Zor bir coğrafyada yaşıyoruz. Bildiğimiz haliyle yaklaşık 1.000 yıldır, son tarihi bulgulara göre 12.000 yıldır Anadolu'dayız. Aziz milletimiz; İmparator LiuBang’i yenerek Çin’i vergiye bağlayan Büyük Hun İmparatorluğumuzun Kağanı Mete Han’dan beri devleti için ne yapması gerektiğini çok iyi kavramış ve yapmıştır. Örneğin; tek seferde Sarıkamış Harekâtında takribi 90.000 şehit, Çanakkale Savaşları esnasında da 250.000 şehit vermeyi göze alarak adeta destan yazmıştır. 1914 yılı nüfus sayımına göre o yıllarda nüfusumuz 13.390.000 kişidir. Bu durumun ne demek olduğunu bugünkü nüfusumuza oranladığımızda Sarıkamış'ta takribi 556.000, Çanakkale'de ise 1.543.000 şehit olmak üzere toplamda 2.099.000 şehit vermeyi göze almak demek olduğunu görüyoruz. Yüz yıldır övündüğümüz kahramanlık destanı işte böyle yazıldı ki, bu fedakârlık sayesinde bağımsız ve özgür bir devlet olarak yaşıyoruz. 

 

Tarihi şan ve şerefle dolu milletimiz (Türk’ü, Kürt’ü, Laz’ı, Çerkez’i …ile kader birliği etmiş, kendini Türkiye Cumhuriyeti Devleti’nin ayrılmaz bir parçası olarak gören herkes),  dünyada barış ve huzurun teminatı olmuş devletimiz; geçmişte ve bugün asla sömürgeci bir anlayışla hareket etmemiş, dünyanın neresinden olursa olsun mazlum insanların sığınağı olmuştur. Nitekim bugün devletimiz; Suriye'de, Irak'ta, Filistin'de, Afganistan’da zorla yerlerinden edilmiş yaklaşık 4 milyondan fazla insana koruma sağlamaktadır. Kısaca Türkiye Cumhuriyeti Devletimiz,  dünyadaki barışın ve huzurun teminatı olan bir devlettir.
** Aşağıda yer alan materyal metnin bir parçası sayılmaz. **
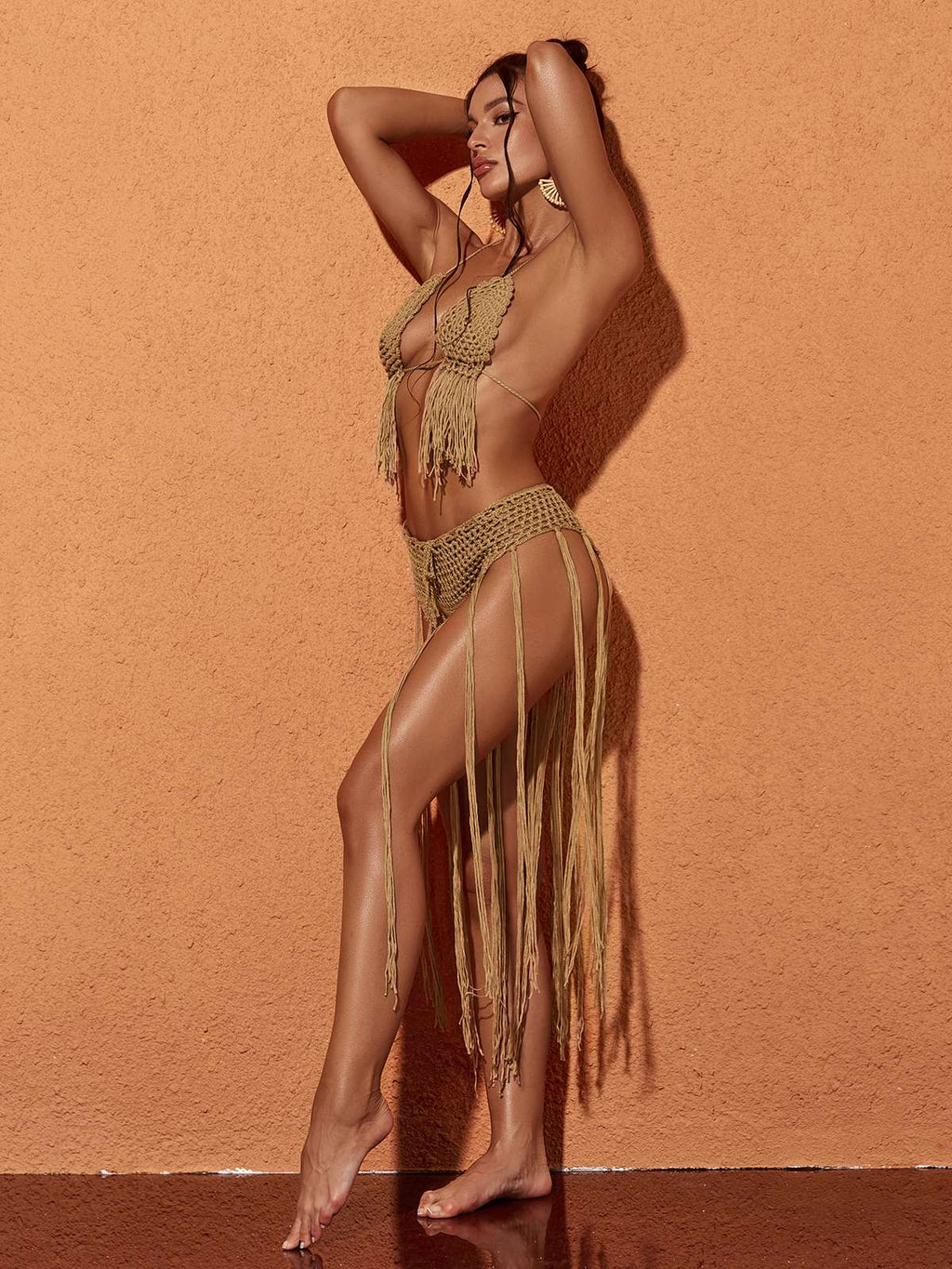 Berlin Knit Fringe Bikini Two Piece Set In Brown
Türkiye'nin huzurunun bozulması bütün dünyanın huzurunun bozulması demektir ki, bu da ancak iş işten geçtikten sonra anlaşılabilir! Nitekim İtalyan Şair Tasso: "Türklerden bahsediyorum... Düşmanına saldırırken amansız bir kasırgaya, korkunç bir denize ve insafsız bir yıldırıma benzeyen Türk; dost yanında ve silahsız düşman karşısında bir seher yelidir, berrak bir göldür. Gönül açan bu yeli yıldırma, göz kamaştıran bu gölü coşkun bir denize çevirmek tabiatı da inciten bir gaflet olur." diyerek bu gerçeği açıkça gözler önüne sermiştir.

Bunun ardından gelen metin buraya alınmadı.